- REQUIREMENT
Reproduce precisely the lines of the material below from the line containing "Hi, I'm Brandon" up to and including its last line. Pictures must not be copied.

- PROVIDED RECORDS
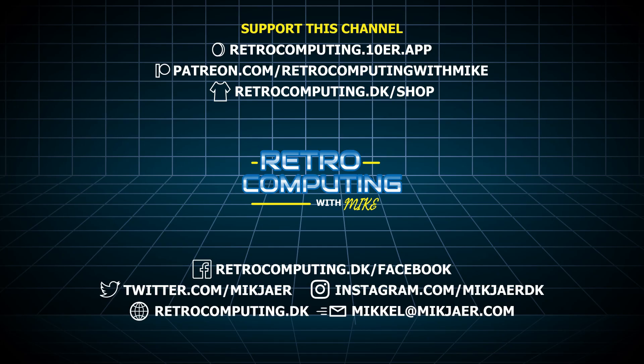Don't forget to like this video and subscribe to the channel for more awesome retro content. If you wish to support this channel, you are very welcome to do so directly through Patreon or Tenor app, or by purchasing some of our merchandise. That helps a lot. Finally, you can also support us by simply watching a lot of our videos and by getting your friends to do the same.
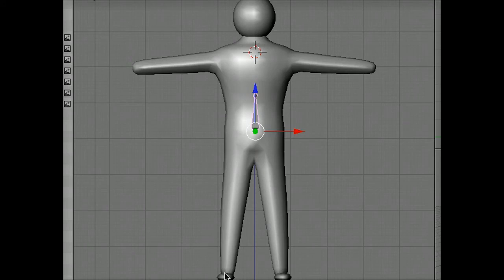The next screencast will show you how to extend this armature to be a skeleton for the rest of the body.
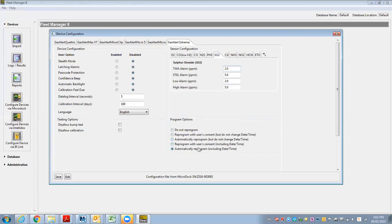So I used this last time, automatically reprogram including the time and date, because I've got 10 monitors I have to reprogram with time and date.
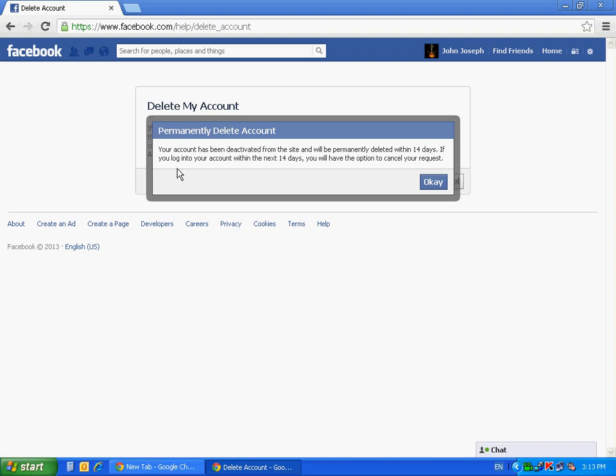If you log into your account within the next 14 days, you'll have the option to cancel your request.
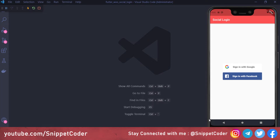Welcome back to Snippet Coder. In this video we will learn how to sign in with Google in a Flutter application. This is a small series of three videos: the first video covers Google login, the second covers Facebook login, and the third covers a WooCommerce application login.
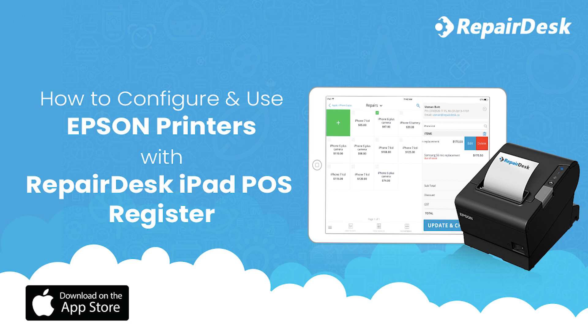If you like what you saw, consider signing up to RepairDesk for a free 14-day trial and get the best all-in-one POS solution for your cell phone repair shop needs.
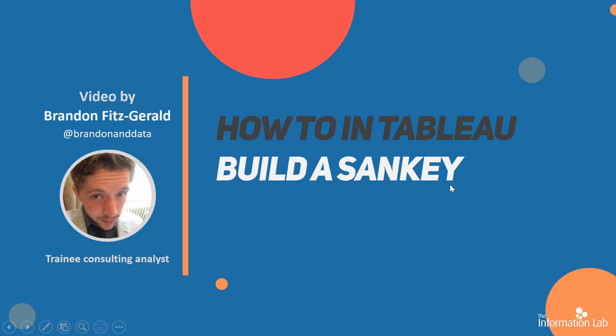Hi, I'm Brandon from DataSchool Cohort 20, and today I'm going to be showing you how to make a Sankey chart. Sankeys are great at showing a change in flow between conditions. Let's jump over to Tableau and get started.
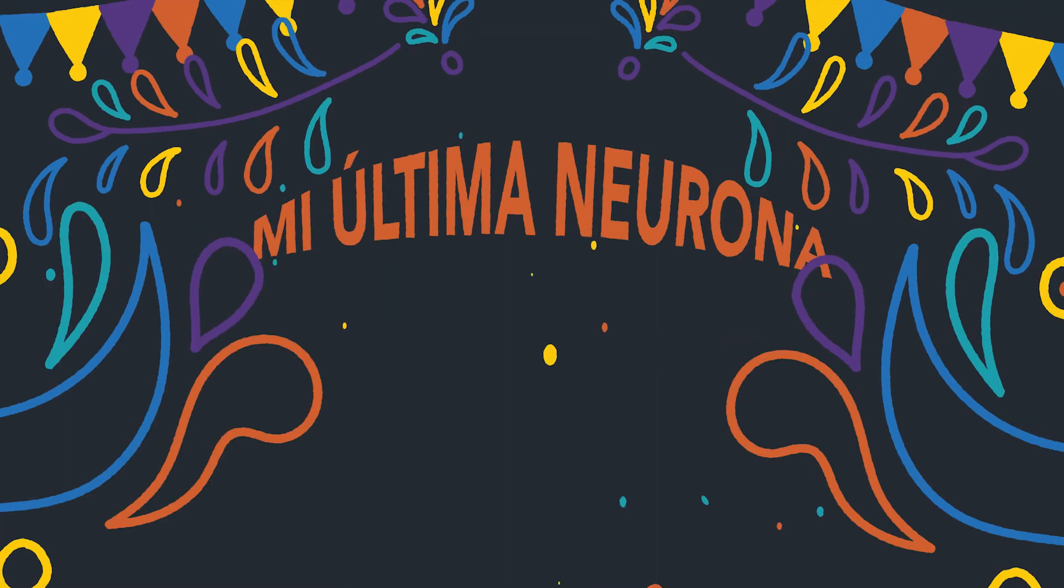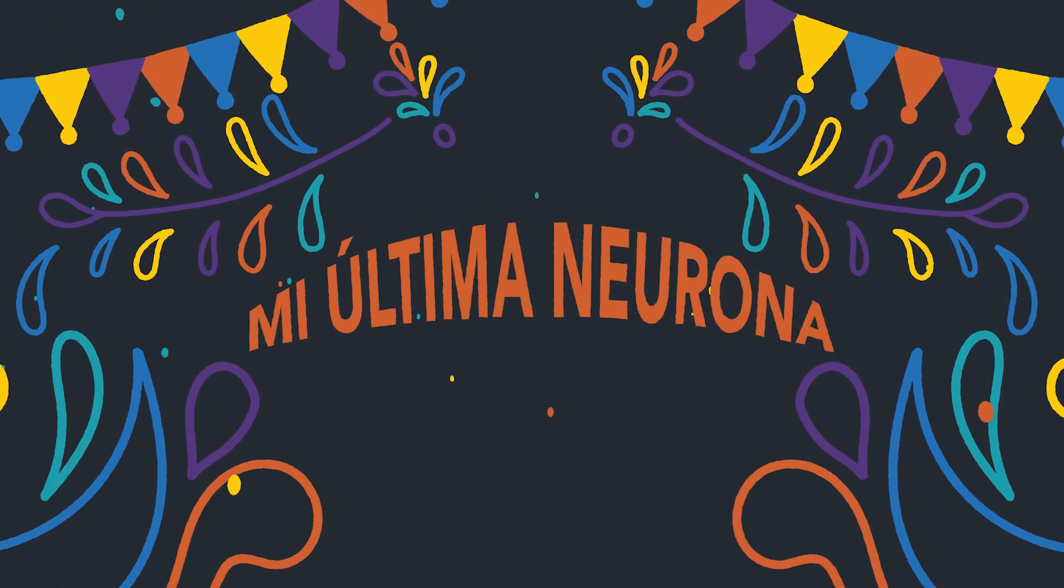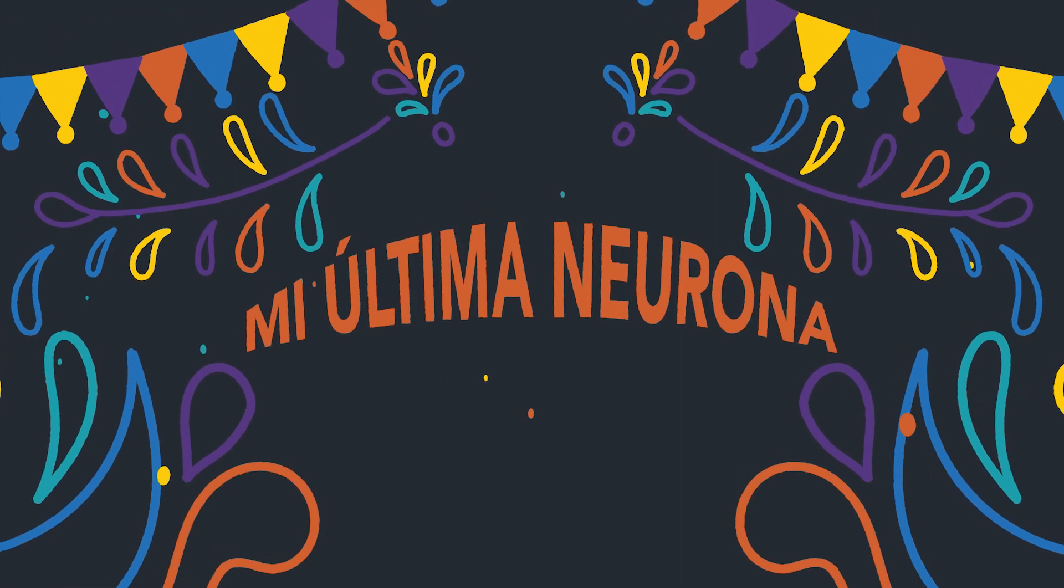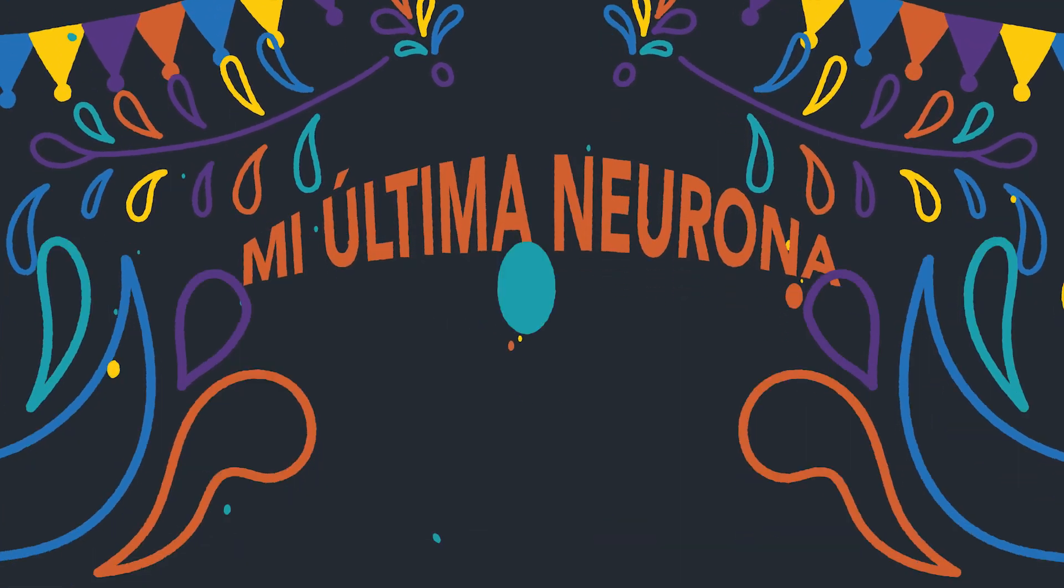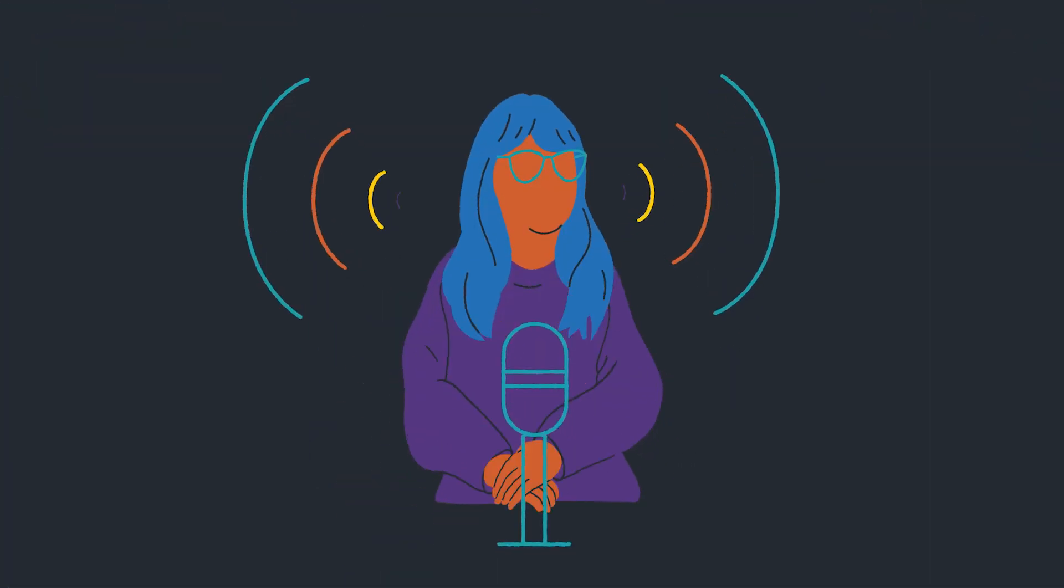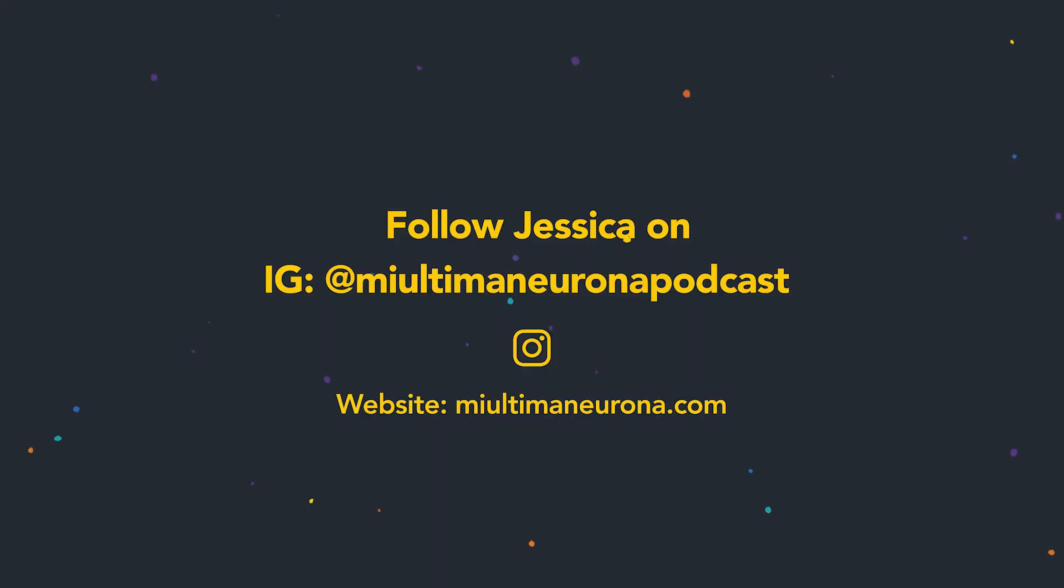My podcast is called Mi Ultima Neurona, which translates to My Last Neuron. I hope to inspire the next generation of Hispanic neuroscientists with this podcast. Thank you.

- OUTPUT BELOW
Hi, I'm Brandon from DataSchool Cohort 20, and today I'm going to be showing you how to make a Sankey chart. Sankeys are great at showing a change in flow between conditions. Let's jump over to Tableau and get started.
My podcast is called Mi Ultima Neurona, which translates to My Last Neuron. I hope to inspire the next generation of Hispanic neuroscientists with this podcast. Thank you.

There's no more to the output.